Ton Peijnenburg, Fellow TU/e HTSC and manager systems engineering at VDL ETG (FEBRUARY 2019)
A picture is worth a thousand words
In 2017, a series of articles were published on Systems Engineering and HTSC. The first article explained the need for Systems Engineering and the second focused on the importance of multi-disciplinary research and development. The third concerned the role of requirements management in the Systems Engineering process. This fourth entry deals with the engineering benefits of rich pictures.
"A system architect has the task of finding a best fit solution to a set of requirements, starting with the purpose of the system and taking into account its context"
RICH PICTURES TO SEE THE BIG PICTURE
Pictures are a powerful means to convey information: after all, “a picture is worth a thousand words.” A system architect has the task of finding a best fit solution to a set of requirements, starting with the purpose of the system and taking into account its context. Small systems may be handled by a single designer; when it comes to more elaborate systems, a team of designers typically shares responsibility for developing a solution.
In the single-person case, pictures may help to structure one’s thoughts and maintain an administration of a system under development. For structuring one’s thoughts, one can think of a mind map – a diagram to visually organize information. Mind maps are oftentimes used to organize information from a brainstorming session, offering hierarchical organization around a central theme. Another commonly-used tool is a block diagram. Blocks represent functions or modules and are connected by lines that show relationships or information flows. Pictures such as mind maps and block diagrams evolve over time and may be hierarchical in order to capture more detailed aspects of a system as development progresses.
In the case of design teams with multiple people, diagrams offer the additional benefit of synchronizing individual ideas about the system that is being developed. A structure can be formulated and explained most easily when the relationships between elements are indicated, highlighted and emphasized. The shared visual view will help team members to remain synchronized on the system’s scope, elements, connections, etc. Again, the diagrams are not static but evolve over time. Ideally, incremental adaptations to the diagrams will be made when the team is present so that everyone will be on the same page regarding the underlying reasoning. In other cases, visual elements in the diagrams will help to reconstruct the reasoning and logic.
CHARTING THE PROGRESS
At Philips Center for Industrial Technology, we spent a reasonable amount of time developing layered block diagrams in which the blocks represent physical modules and the connecting lines indicate interactions. The lines have colors that indicate the type of interaction: mechanical (force, displacement, structural and acoustic vibrations), heat, contamination, etc. These block diagrams are called Interface Discussion Drawings. They were created with the purpose of a) communicating information about interfaces, b) laying down design rationale and c) transferring design knowledge. See Figure 1 for an example of such a drawing.

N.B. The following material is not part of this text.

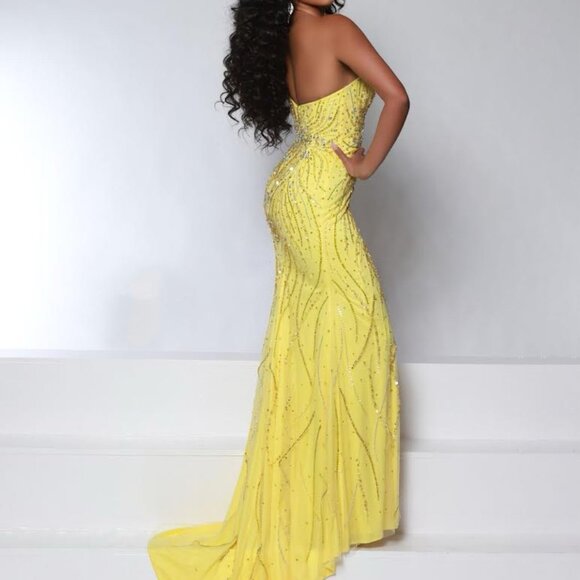 Yelena - Picture 3 of 4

During the training of mechatronic system designers on the PDEng program at TU/e, emphasis is placed on such sketches and drawings. In the final assignment of the trainees, a system design task is executed for an industrial partner over the course of one year. Trainees are encouraged to already start making drawings of their system when first discussing their assignment. The schematic drawings will grow more complete over time, with elements of knowledge and design being added. In the progress presentations, these drawings should be shown, preferably early on, to create a reference point for the audience. This is the ideal situation and is not always achieved in practice. However, sketching and drawing do not appear to be trivial skills for engineers anymore.
THE ENGINEER OF 2020
While reading about system thinking and how to train engineers in this, I came across an article from Iowa State University that discussed how to train the engineer of 2020. System thinking skills are a key asset of the new engineer, and are tied to three fundamental tools for system thinking: rich pictures, causal loop diagrams and behavior-over-time graphs. These graphical tools (see Figure 2) capture key elements of systems, documenting their elements, connections and behavior in an abstract manner. In a sense, the Interface Discussion Drawings can be considered rich pictures with a domain-specific graphical language. Like rich pictures, they document essential elements of a system in a very insightful manner. Individuals and teams can use these in their development projects.
A LIFELONG SKILL
In addition to the pictures discussed, there are many more visual and graphical representations that can be made of systems. Given that children already start using mind maps at elementary school, I believe that it is critical for future engineers to build on these skills. Engineers should develop a reflex to make sketches and drawings when discussing their design work; they will thus be more efficient and effective in their work. If you’re interested, there is a lot to be read about rich pictures and their relatives, but if I were you, I would start sketching right away – the sketches and drawings will be improved by the discussions about them, not by the theory behind them!